Just create a modified mean.default. First look at mean.default:
mean.default
Then modify it to accept a new argument:
mean.default <-
function (x, trim = 0, na.rm = FALSE, ..., side="both")
{
if (!is.numeric(x) && !is.complex(x) && !is.logical(x)) {
warning("argument is not numeric or logical: returning NA")
return(NA_real_)
}
if (na.rm)
x <- x[!is.na(x)]
if (!is.numeric(trim) || length(trim) != 1L)
stop("'trim' must be numeric of length one")
n <- length(x)
if (trim > 0 && n) {
if (is.complex(x))
stop("trimmed means are not defined for complex data")
if (any(is.na(x)))
return(NA_real_)
if (trim >= 0.5)
return(stats::median(x, na.rm = FALSE))
lo <- if( side=="both" || side=="right" ){ floor(n * trim) + 1 }else{1}
hi <- if( side=="both" || side=="left" ){ n + 1 - (floor(n * trim) + 1 ) }else{ n}
x <- sort.int(x, partial = unique(c(lo, hi)))[lo:hi]
cat(c(length(x), lo , hi) )
}
.Internal(mean(x))
}
I don't know of a function. Something like the following would trim off the upper tail of the distribution before taking the mean.
upper.trim.mean <- function(x,trim) {
x <- sort(x)
mean(x[1:floor(length(x)*(1-trim))])
}
This should account for either side, or both sides for trimming.

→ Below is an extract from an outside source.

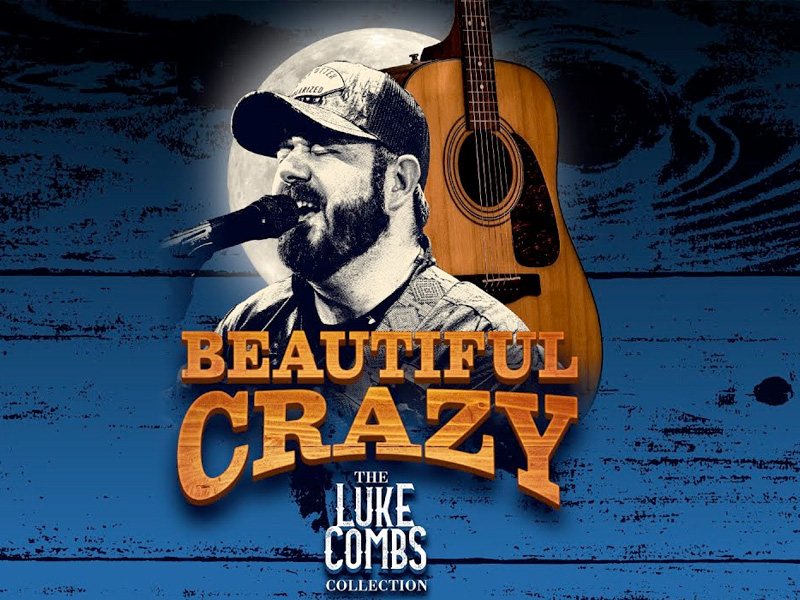Beautiful Crazy The Luke Combs Collection at The Roses Theatre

trim.side.mean <- function(x, trim, type="both"){
if (type == "both") {
mean(x,trim)}
else if (type == "right") {
x <- sort(x)
mean(x[1:floor(length(x)*(1-trim))])}
else if (type == "left"){
x <- sort(x)
mean(x[max(1,floor(length(x)*trim)):length(x)])}}
one.sided.trim.mean <- function(x, trim, upper=T) {
if(upper) trim = 1-trim
data <- mean(x[x<quantile(x, trim)])
}
I found that all the answers posted do not match when checked manually. So I created one of my own. Its long but simple enough to understand
get_trim <- function(x,trim,type)
{
x <- sort(x)
ans<-0
if (type=="both")
{
for (i in (trim+1):(length(x)-trim))
{
ans=ans+x[i];
}
print(ans/(length(x)-(2*trim)))
}
else if(type=="left")
{
for (i in (trim+1):(length(x)))
{
ans=ans+x[i];
}
print(ans/(length(x)-trim))
}
else if (type=="right")
{
for (i in 1:(length(x)-trim))
{
ans=ans+x[i];
}
print(ans/(length(x)-trim))
}
}